Sejak mendapat legitimasi dan rekognisi UNESCO sebagai warisan budaya tak benda  pada 2 Oktober 2009, ibaratnya Indonesia adalah identik dengan nuansa batik yang harmoni dengan kebhinekaan kulturalnya. Indonesia berpendar dengan nuansa batik sebagai penanda proses kreatif dari penciptanya yang tak pernah berhenti dimakan waktu.


Sampai saat ini, batik masih dianggap sebagai identitas budaya yang dapat mengakomodasi semua kalangan. Identitas budaya yang dihadirkan di ruang-ruang publik baik pada saat upacara protokoler atau acara lainnya dengan mengenakan pakain batik pada dasarnya merupakan gerakan kembali pada basis kultural.

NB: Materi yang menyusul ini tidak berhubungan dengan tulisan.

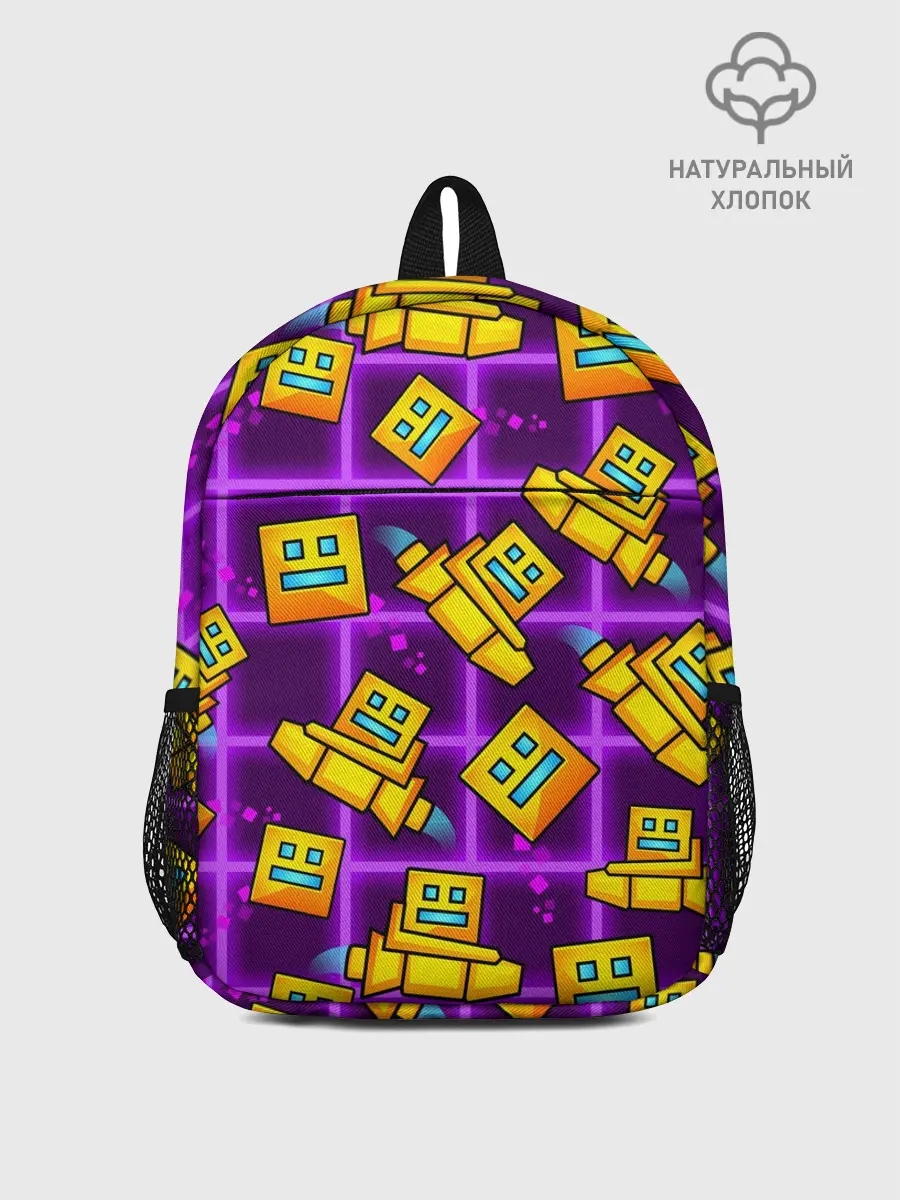 Рюкзак детский / GEOMETRY DASH SPACE
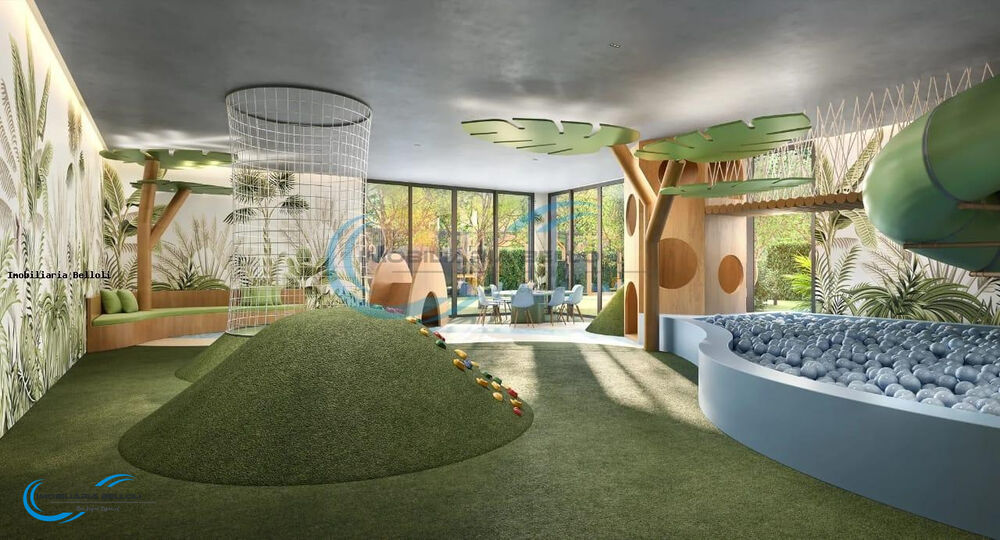 Apartamento, 1 quarto, 28 m² - Foto 12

Sebagai warisan budaya tak benda, pesona batik dengan segala estetikanya telah berhasil menunjukkan keunggulannya. Sebagai benda seni, batik telah sanggup meniti waktu dan menjadi bagian integral dari kehidupan masyarakat Indonesia dengan segala dinamika yang menyertainya.


Batik bukan warisan budaya yang stagnan atau berhenti dalam elaborasinya. Dalam proses perjalanan waktu, batik selalu bertumbuh dan berkembang berjalan paralel dengan proses kreatif para pelaku atau perajinnya. Sampai saat ini batik telah mengalami inovasi dan kreativitas yang menjadikan batik tetap hidup, dicintai, dan dibanggakan semua kalangan serta telah merambah lintas generasi (Suara Merdeka, 2/10/2022).

 

Nilai Seni Tinggi


Batik yang telah survive sejak zaman Majapahit merupakan karya adiluhung atau bisa dikatakan nilai seninya tinggi. Eksistensi batik berangkat dari filosofis tradisi yang sering dipakai sebagai pakaian kebesaran para bangsawan ataupun para ksatria sebagai simbol status sosial. Dalam proses perkembangan selanjutnya baik corak maupun teknik pembuatannya telah menyebar di seluruh penjuru Nusantara.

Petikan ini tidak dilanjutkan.